● TASK GOAL:
Transcribe the following entries letter for letter, without the pictures.

● MATERIALS PROVIDED:
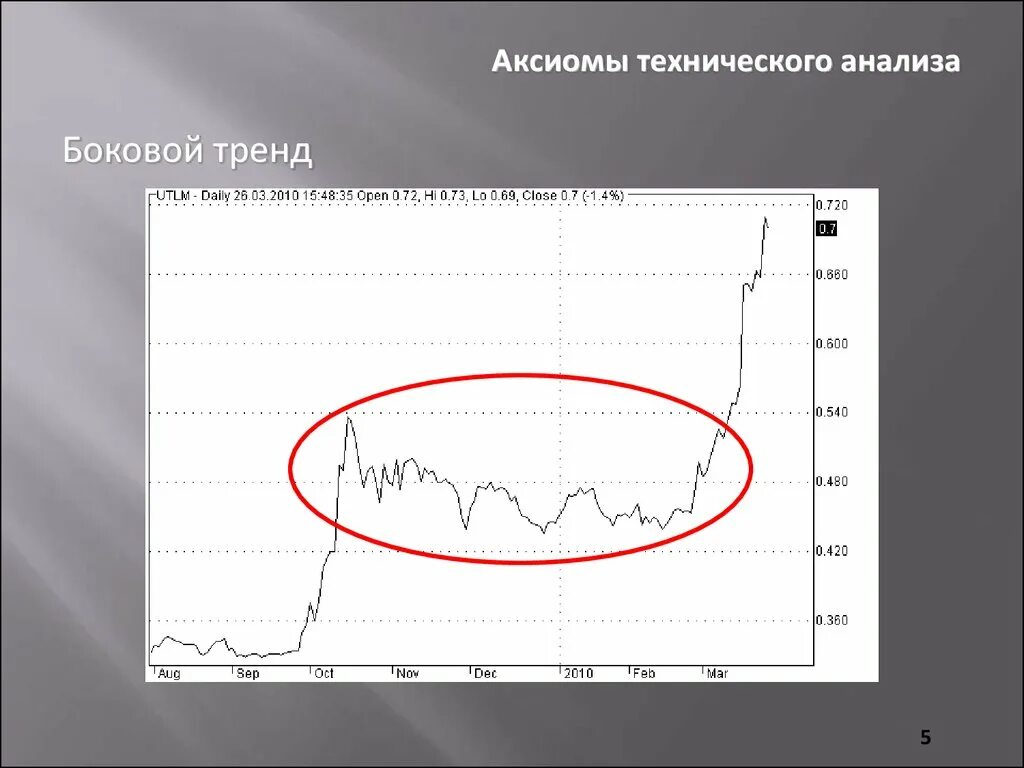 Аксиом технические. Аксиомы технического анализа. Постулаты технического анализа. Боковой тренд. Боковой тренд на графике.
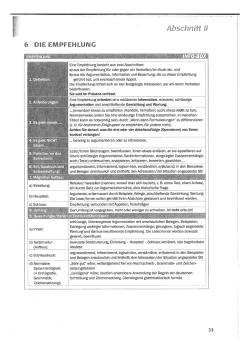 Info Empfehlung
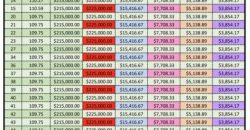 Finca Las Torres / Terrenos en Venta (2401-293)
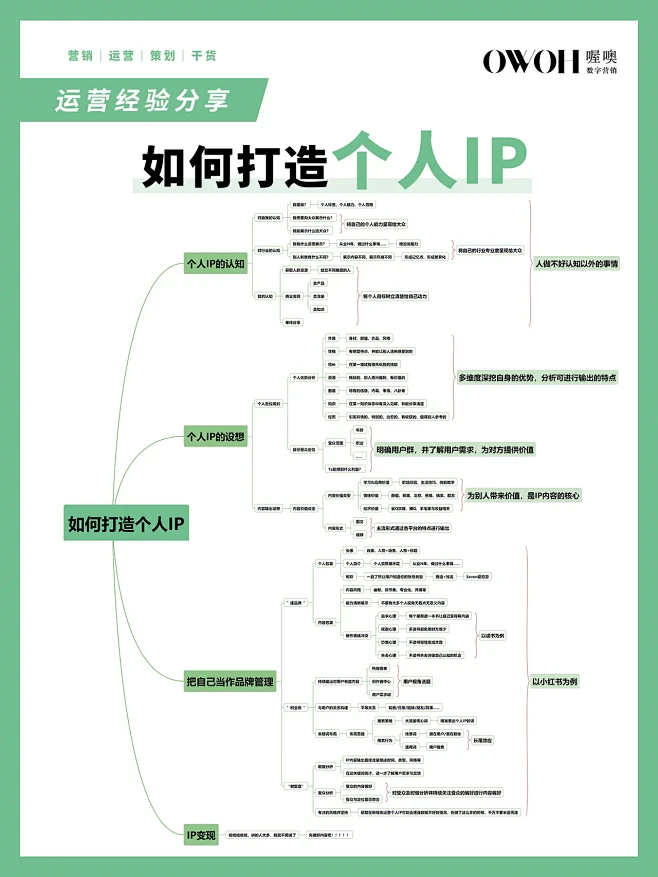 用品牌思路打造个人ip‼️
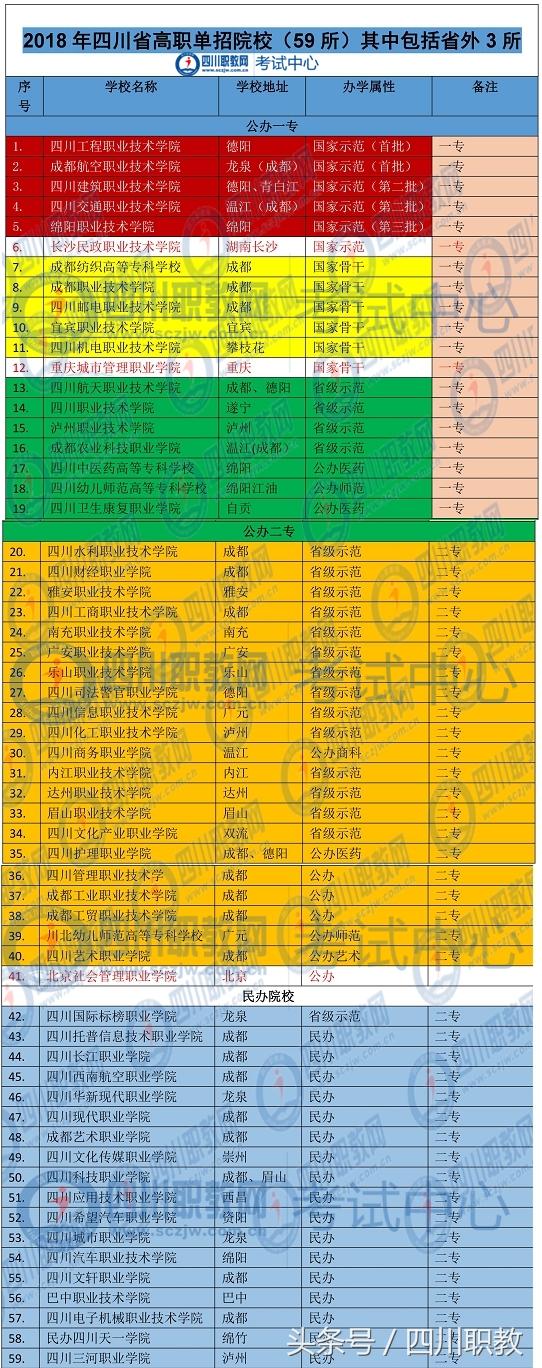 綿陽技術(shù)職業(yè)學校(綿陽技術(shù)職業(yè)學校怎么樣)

● ANSWER SPACE:
 Аксиом технические. Аксиомы технического анализа. Постулаты технического анализа. Боковой тренд. Боковой тренд на графике.
 Info Empfehlung
 Finca Las Torres / Terrenos en Venta (2401-293)
 用品牌思路打造个人ip‼️
 綿陽技術(shù)職業(yè)學校(綿陽技術(shù)職業(yè)學校怎么樣)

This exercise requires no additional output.